The following method works fine with pointers, flushers, and retrievers. While I start all my pups using these techniques, this method will work with any age dog that needs conditioning to guns and gunfire.
There are several things that you should NEVER, EVER do to a young dog.
- Never fire a gun around a dog to see IF he is gunshy
- Never take a dog to a Shooting Range to introduce gunfire
- Never take a dog "hunting" prior to the proper introduction to gunfire
- Never take a young dog "hunting" with an older dog for some "on-the-job training" prior to the proper introduction to gunfire
- Never fire a gun close to a young dog without proper introduction -- keep him away from any kind of target practice or random shooting
- Never allow your dog to be exposed to fireworks
- Never fire a gun close to a dog while feeding him (many folks do this but it does not make the proper association)
- Do your best to keep him indoors during major lightning and thunderstorms
Many young dogs become gunshy from things that are out of the owner's control or unknown to the owner. It's best to get started on gunfire and noise introduction as soon as possible. I start mine the day they get to my house.
It's great if your breeder has already started the introduction but you never want to assume that they have.

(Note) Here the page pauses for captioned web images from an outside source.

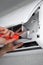 A man repairing an air conditioner at home. technician repairman. the man unscrews the screw in the air conditioner for cleaning.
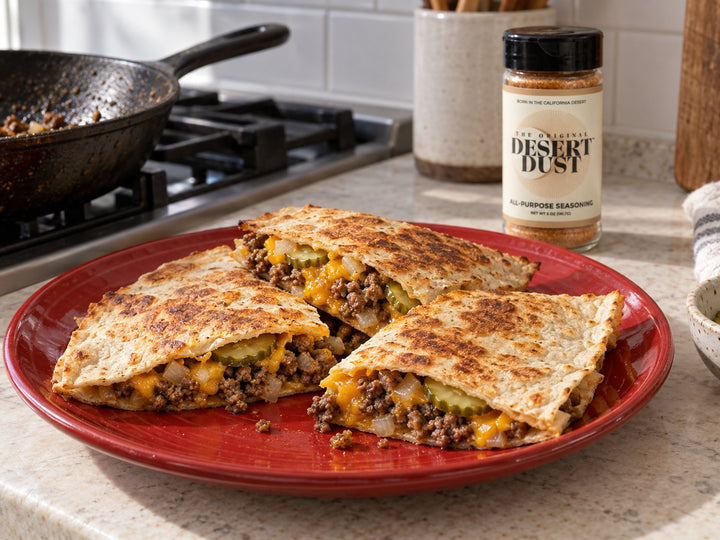 Cheeseburger quesadilla wedges with beef, cheddar and dill pickles beside Original Desert Dust.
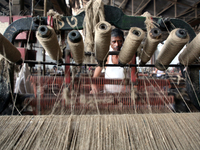 Workers busy in making jute sacks at Latif Bawany Jute Mills in Demra, Dhaka, on 5 March 2018 amid the country is ready to celebrate Nationa...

We always raised our litters in the laundry room. This starts their life with a series of doors opening and closing and washing machines and dryers running. We also always have a radio going in the background. This gives them exposure to many noises, voices, music, and loud and blaring commercials. My dad always said the best dogs were raised on "Country and Western" music, but I'll leave that up to you.
I make as much "noise" around my young pups as possible. Start out slow and build up.
When I am around my pups, I clap my hands, clang food bowls, open and close my truck and dog box doors. Start out quiet and build up. Always watch your dog and see if or how he reacts. I prefer that the pup be moving around out in the open having fun. I want the noises to be part of his normal routine. I go out of my way to be as loud as I can over time.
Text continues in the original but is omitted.